Quand Talpa s’amuse à dénoncer quelques pratiques et insuffisances, l’approche d’Isabelle Barth est exhaustive. Aucun trou dans la raquette critique. Si le sujet vous intéresse, si vous souffrez de la kakistocratie que vous subissez, si vous cherchez, comme dirigeant, patron, manager, enseignant à vous en affranchir, n’en faites pas l’économie : lisez le livre d’Isabelle Barth. Si vous aimez survoler, créer des liens replongez-vous dans certains articles de Talpa.

L’école

Entre autres causes au désastre occasionné par la kakistocratie, Isabelle Barth pointe le fonctionnement de notre système scolaire. L’échec y est interdit et tout élève doit apprendre à faire semblant de savoir. Les professeurs aussi qui, le plus souvent, sont à peu près capables de parler d’un programme dans une matière qui ne les passionne pas personnellement. Se souvenir de l’excellente production de Pierre Bayard Comment parler des livres qu’on n’a pas lus. Souvenir de ce stage organisé pour que les professeurs reconnaissent les élèves à « profil particulier » [ Les termes HPI ou surdoués… eussent relevé de l’élitisme] et qu’ils acquièrent quelques méthodes d’enseignement adaptées à ce public.
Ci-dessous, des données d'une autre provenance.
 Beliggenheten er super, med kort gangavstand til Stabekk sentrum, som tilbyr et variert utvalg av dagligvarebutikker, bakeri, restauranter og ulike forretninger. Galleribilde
Sachant que ces méthodes sont bénéfiques pour l’ensemble des élèves. Enthousiasme de la découverte, incroyable élan qui retombe dès la 3ème réunion d’après stage. « Après tout, plus tard, ils devront s’adapter à la société. Alors, c’est à eux de s’adapter au système scolaire. On ne leur rendrait pas service en adaptant nos méthodes… » Souvenir du jour où l’un de nos fils rentre tout content du lycée. Pour une fois, il a eu une vraie bonne note ! Comment il a fait ? Simple, au niveau du professeur.

Le monde du travail

Le même, quelques années plus tard. Lisbonne où est délocalisée pour des raisons de budget une entreprise travaillant à récupérer des impayés pour une multinationale. Au bout de quelques mois, ce nouvel employé propose à son chef de service une méthode simple qui serait plus efficace et permettrait d’aller plus vite. On tape sur l’épaule du jeune homme avec un sourire. On lui fait miroiter un avancement qui n’arrivera jamais. Travailler mieux et plus vite, vous n’y pensez pas, on nous donnerait plus de boulot !

Le privé et le public 

Dans Les mensonges de l’économie, John Kenneth Galbraith, qui n’était pas spécialement de gauche, dénonçait les mensonges et manipulations du secteur privé. Tout aussi incompétent que le secteur public, le privé, au lieu de chercher à s’améliorer, se contente de dénoncer les manques du public afin de ne pas souffrir de la compétition avec lui et de récupérer ce secteur d’affaires.

La relativité du rationnel

Le plus frappant pour Talpa, à la lecture du livre d’Isabelle Barth, c’est que la gestion, le management  , l’organisation prétendraient relever exclusivement d’ une approche rationnelle. C’est oublier la dimension humaine, psychologique, émotionnelle sans laquelle le reste ne vit pas, ne fait pas sens, et foire ! Ne pas oublier de prendre en compte même les signaux les plus faibles. Lors de la privatisation des chemins de fer anglais, on alla jusqu’à supprimer le tout petit budget qui permettait de nourrir des chats dans les gares. Que croyez-vous qu’il arriva ? Les rats bouffèrent les câbles !

Culture et gestion

Dans la culture aussi sévit la gestionnite. Comme dans le monde de l’entreprise, les gestionnaires, tenant les ficelles, prennent le pas sur les créateurs. Dans tous les domaines d’activité, on fait le programme, on tient le budget, on mesure les résultats avec les grilles que l’on a soi-même conçues. Et ainsi va la kakistocratie : sans surprise puisqu’ avec elle il faut toujours s’attendre au pire.

Kakistocratiquement vôtre

Toute ressemblance avec des faits et des personnages existants ou ayant existé serait purement fortuite et ne pourrait être que le fruit d’une pure coïncidence. « Toute personne, vivante ou morte, est purement fortuite, et ne saurait faire l’objet. » Kurt Vonnegut.